DATA EXTRACT —

★ ★ ★ ★ ★

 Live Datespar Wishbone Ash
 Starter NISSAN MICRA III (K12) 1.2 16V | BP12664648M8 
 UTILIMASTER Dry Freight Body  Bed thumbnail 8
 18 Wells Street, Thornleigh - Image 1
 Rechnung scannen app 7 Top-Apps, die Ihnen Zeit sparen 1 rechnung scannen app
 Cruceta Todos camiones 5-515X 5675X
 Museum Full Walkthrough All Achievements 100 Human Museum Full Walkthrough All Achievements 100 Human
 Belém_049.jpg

★ ★ ★ ★ ★

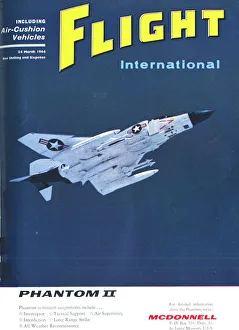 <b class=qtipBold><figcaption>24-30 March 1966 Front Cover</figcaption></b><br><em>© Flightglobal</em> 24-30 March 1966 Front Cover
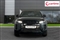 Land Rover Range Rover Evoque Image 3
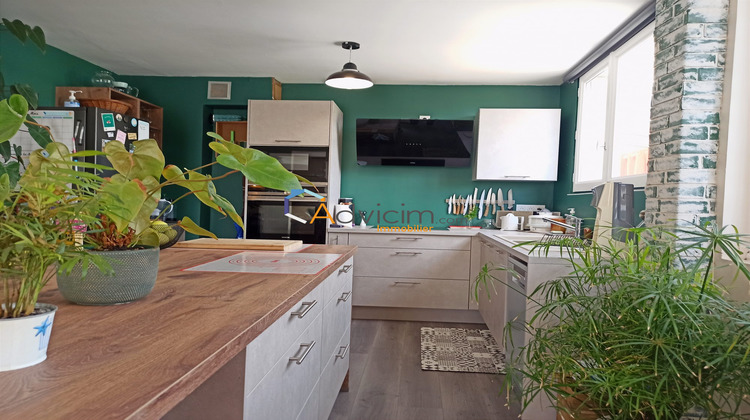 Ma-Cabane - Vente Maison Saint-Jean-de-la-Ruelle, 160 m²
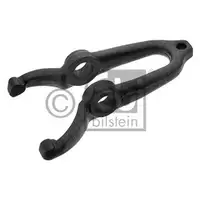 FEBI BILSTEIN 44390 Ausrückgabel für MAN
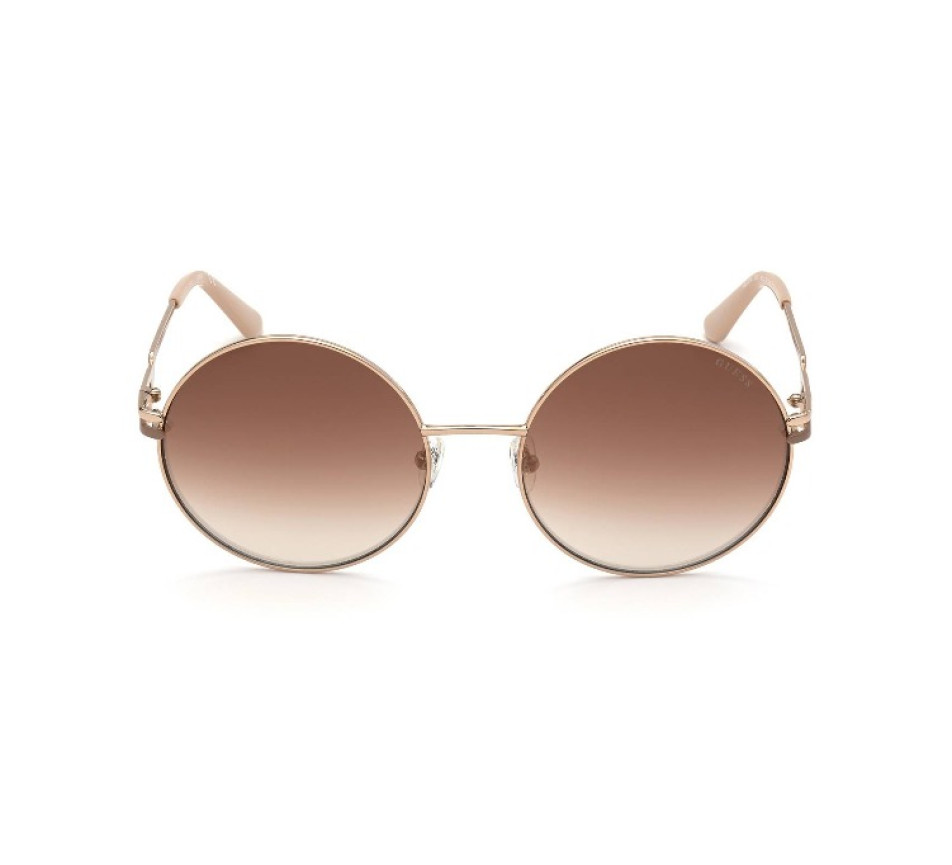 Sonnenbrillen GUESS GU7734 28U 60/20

★ ★ ★ ★ ★

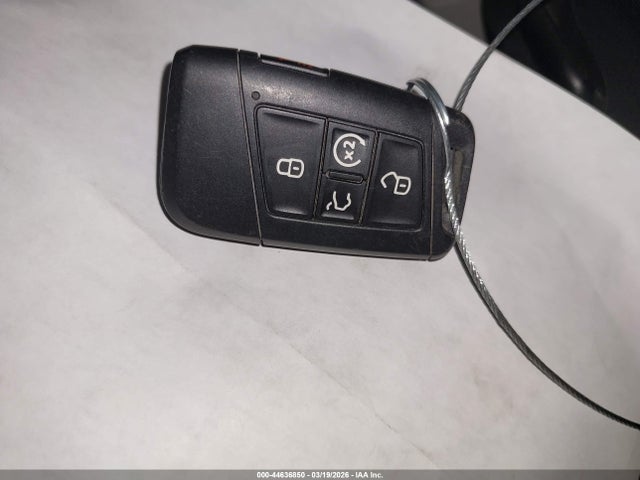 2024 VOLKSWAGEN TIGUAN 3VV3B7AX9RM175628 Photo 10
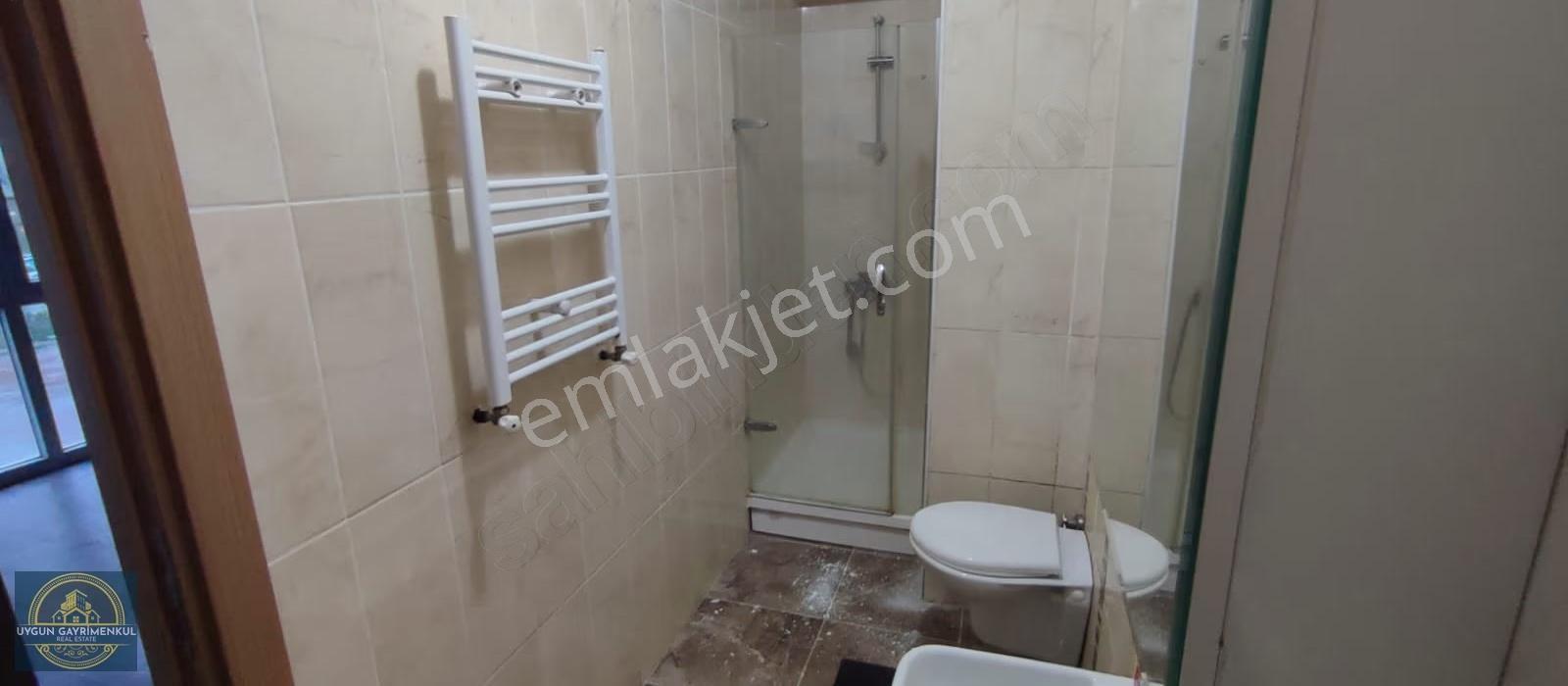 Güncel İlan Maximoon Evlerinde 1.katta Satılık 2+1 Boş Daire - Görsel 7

★ ★ ★ ★ ★

TASK BRIEF —
Although pictures appear among the records above, write out exactly only the lines from the one that has "<b class=qtipBold><figcaption>24-30 March" through the one that has "Sonnenbrillen GUESS GU7734 28U 60/20", and leave the pictures out.

RESPONSE TO THE EXERCISE —
 <b class=qtipBold><figcaption>24-30 March 1966 Front Cover</figcaption></b><br><em>© Flightglobal</em> 24-30 March 1966 Front Cover
 Land Rover Range Rover Evoque Image 3
 Ma-Cabane - Vente Maison Saint-Jean-de-la-Ruelle, 160 m²
 FEBI BILSTEIN 44390 Ausrückgabel für MAN
 Sonnenbrillen GUESS GU7734 28U 60/20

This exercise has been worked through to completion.